▸ **Input data**:
──────────────────────────────
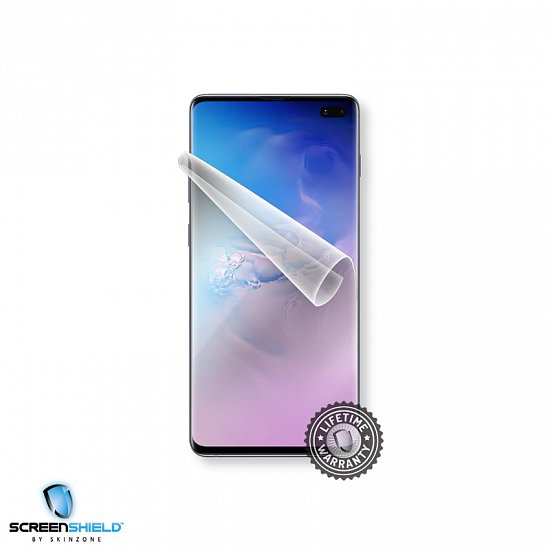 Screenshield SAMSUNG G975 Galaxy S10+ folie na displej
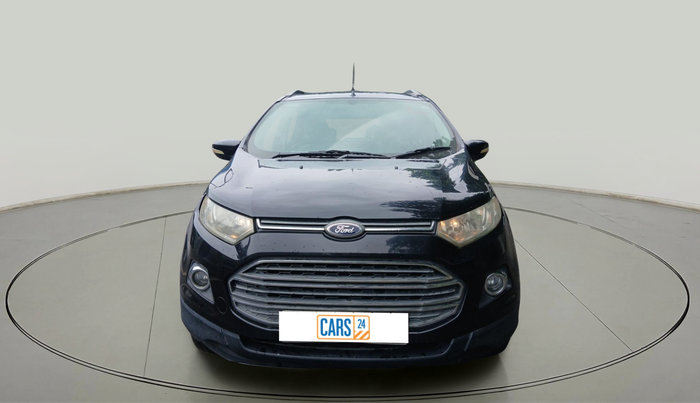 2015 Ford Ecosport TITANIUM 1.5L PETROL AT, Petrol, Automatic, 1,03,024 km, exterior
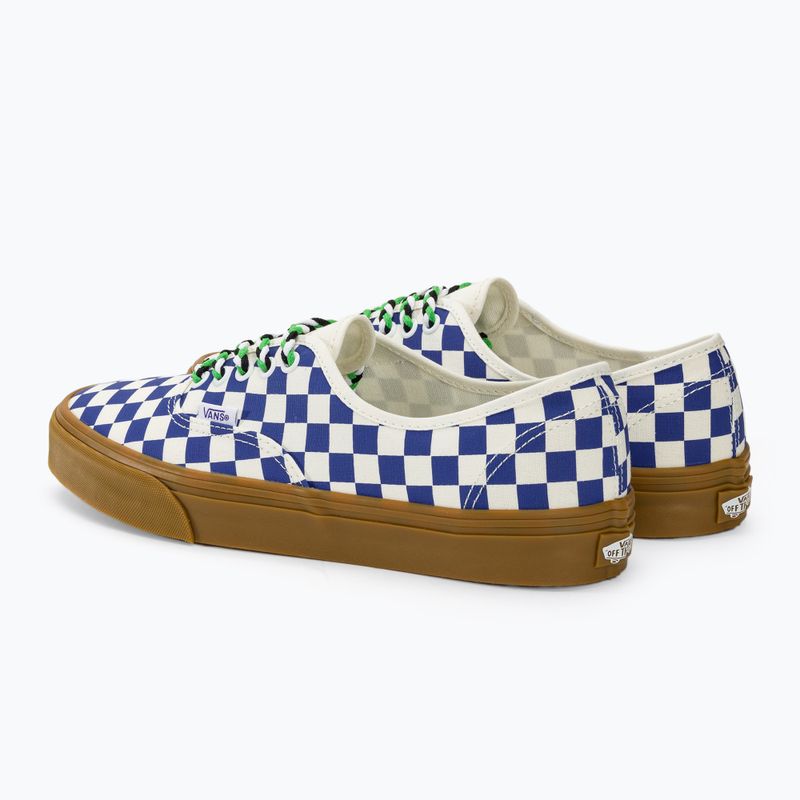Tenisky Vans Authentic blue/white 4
──────────────────────────────
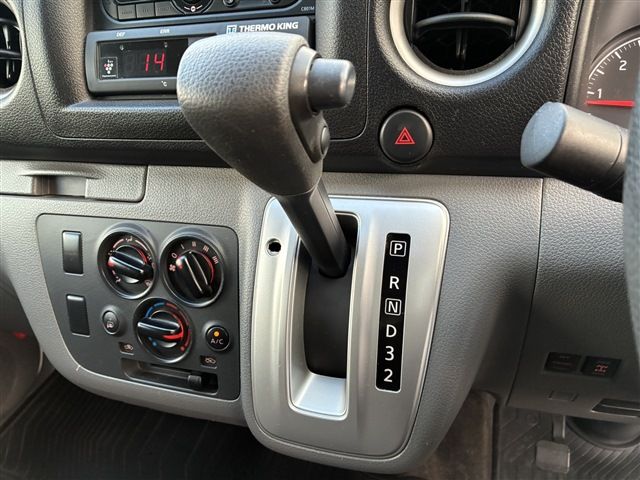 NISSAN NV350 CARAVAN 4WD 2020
──────────────────────────────
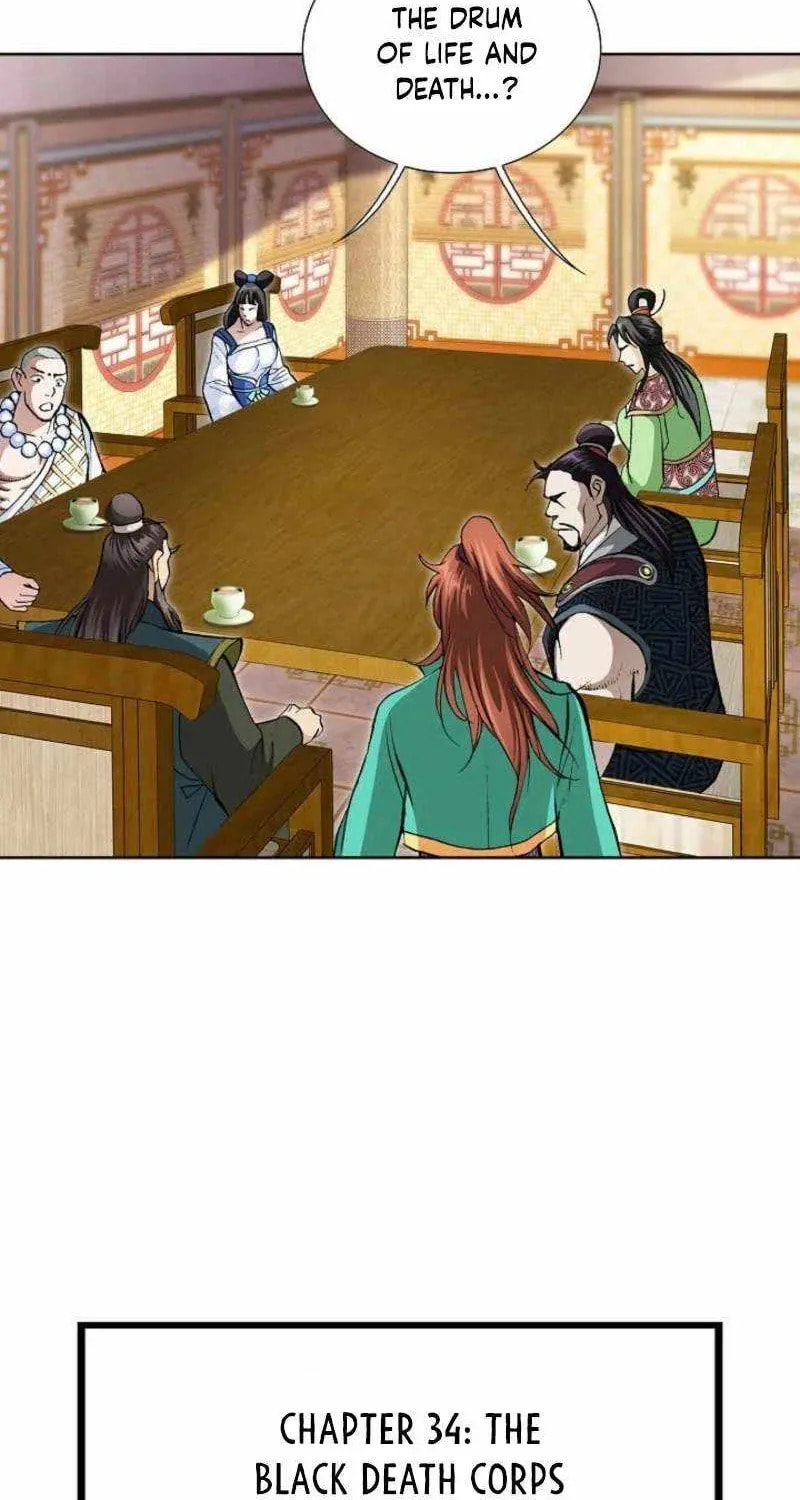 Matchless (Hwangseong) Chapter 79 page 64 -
──────────────────────────────
▸ **Exercise aim**: Your answer is the exact run of lines above from the one with "Screenshield SAMSUNG G975" through the one with "Tenisky Vans Authentic blue/white 4", both ends included, minus any picture.

▸ **Answer to this task**:
 Screenshield SAMSUNG G975 Galaxy S10+ folie na displej
 2015 Ford Ecosport TITANIUM 1.5L PETROL AT, Petrol, Automatic, 1,03,024 km, exterior
Tenisky Vans Authentic blue/white 4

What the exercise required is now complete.